> **Task**: What you return must match the data below exactly, minus any pictures.

[[ Exercise inputs open ]]

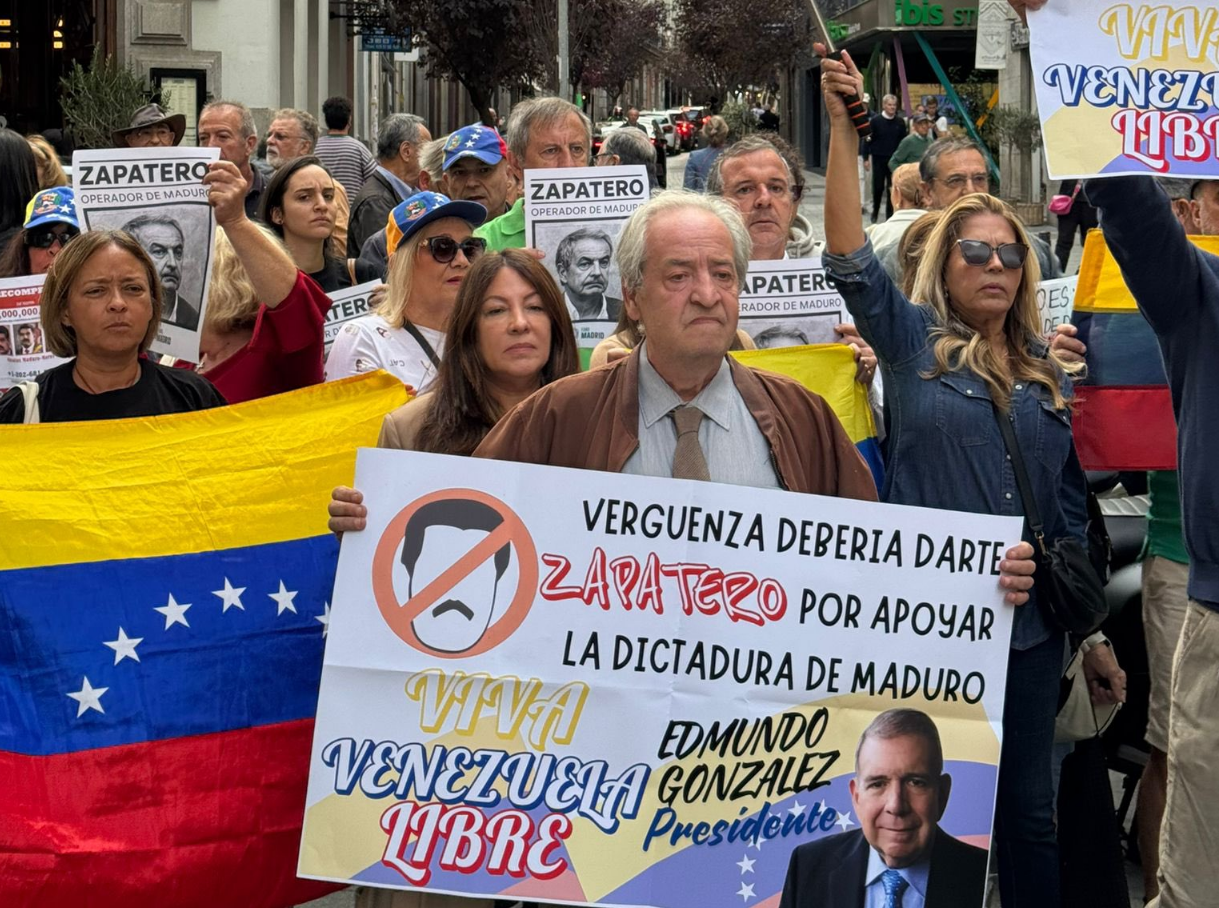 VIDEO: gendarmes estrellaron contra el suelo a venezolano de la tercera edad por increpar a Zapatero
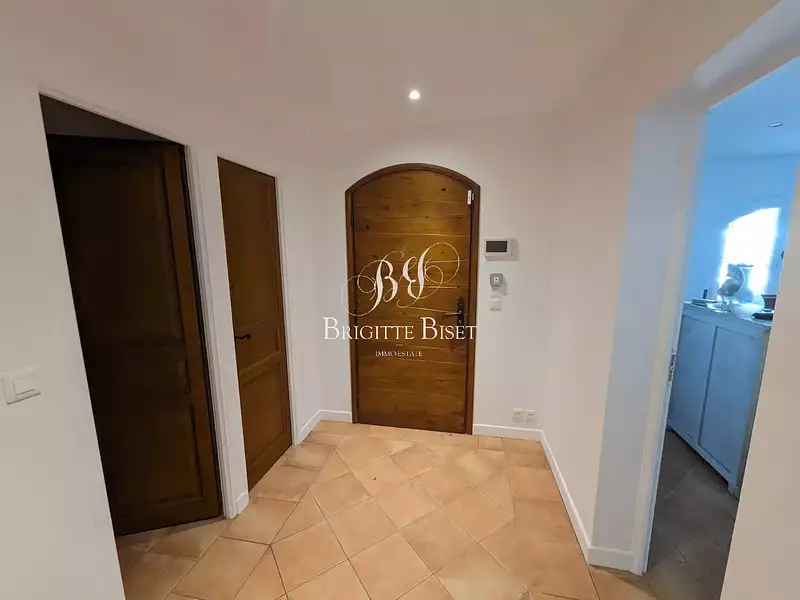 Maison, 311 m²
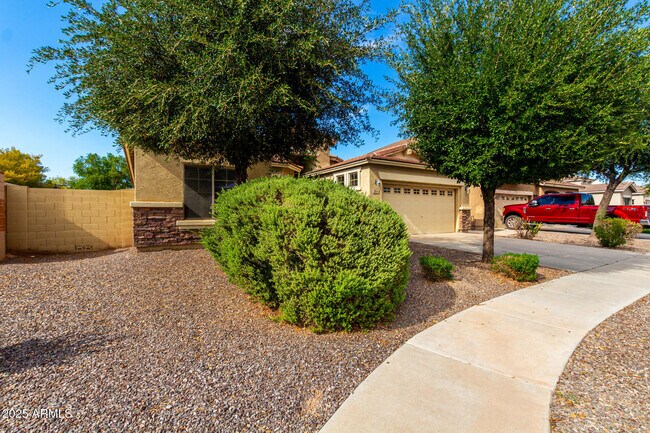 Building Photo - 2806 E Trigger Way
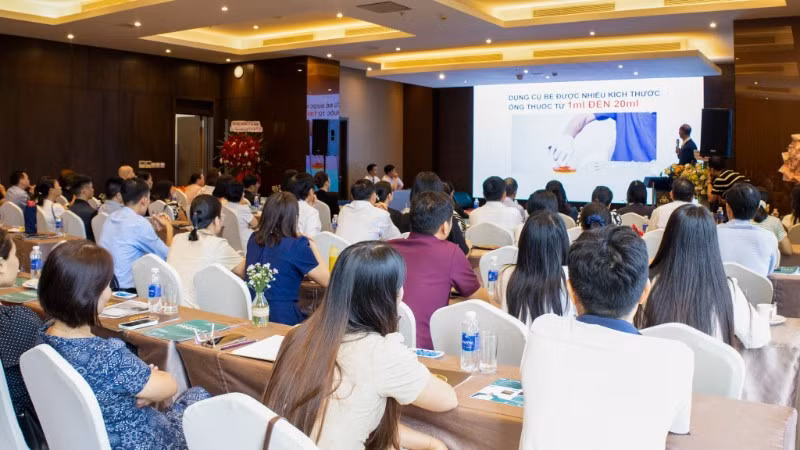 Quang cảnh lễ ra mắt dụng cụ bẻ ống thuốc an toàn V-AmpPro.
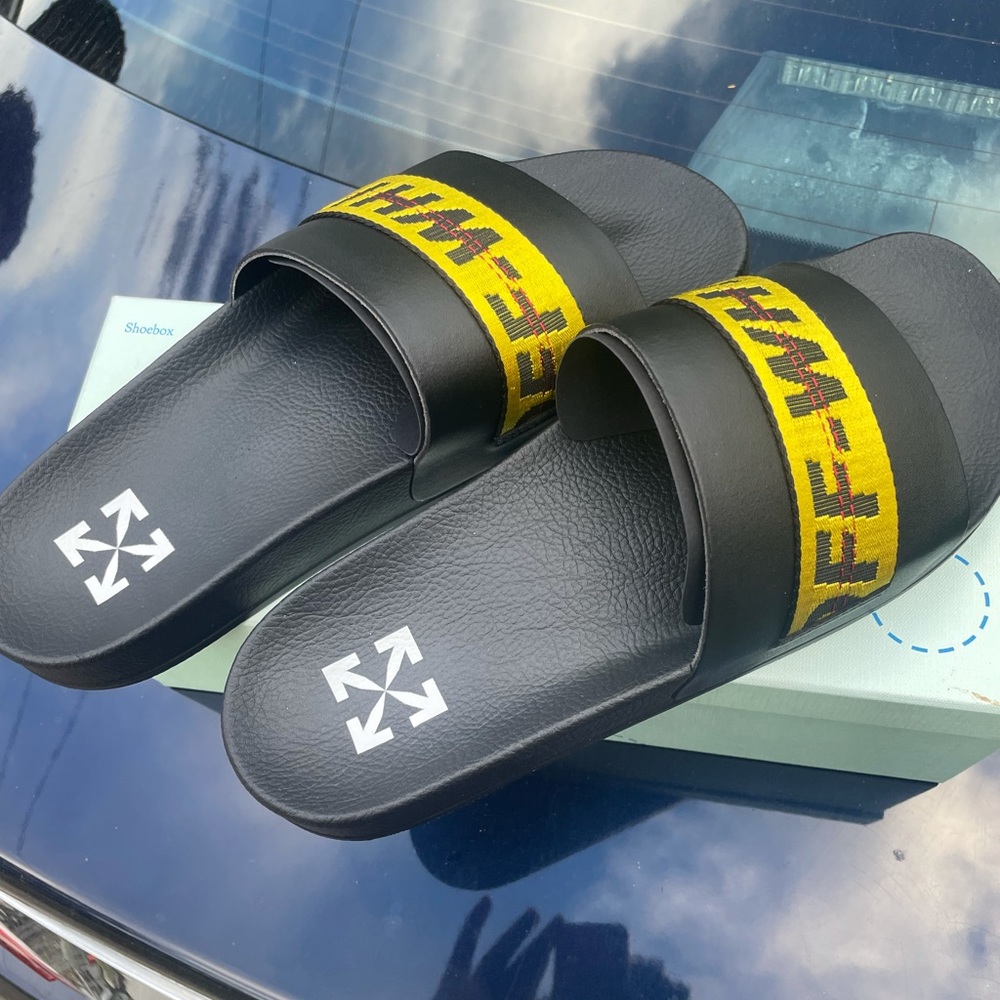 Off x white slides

[[ Exercise inputs closed ]]

> **Reply to the exercise**:
 VIDEO: gendarmes estrellaron contra el suelo a venezolano de la tercera edad por increpar a Zapatero
 Maison, 311 m²
 Building Photo - 2806 E Trigger Way
 Quang cảnh lễ ra mắt dụng cụ bẻ ống thuốc an toàn V-AmpPro.
 Off x white slides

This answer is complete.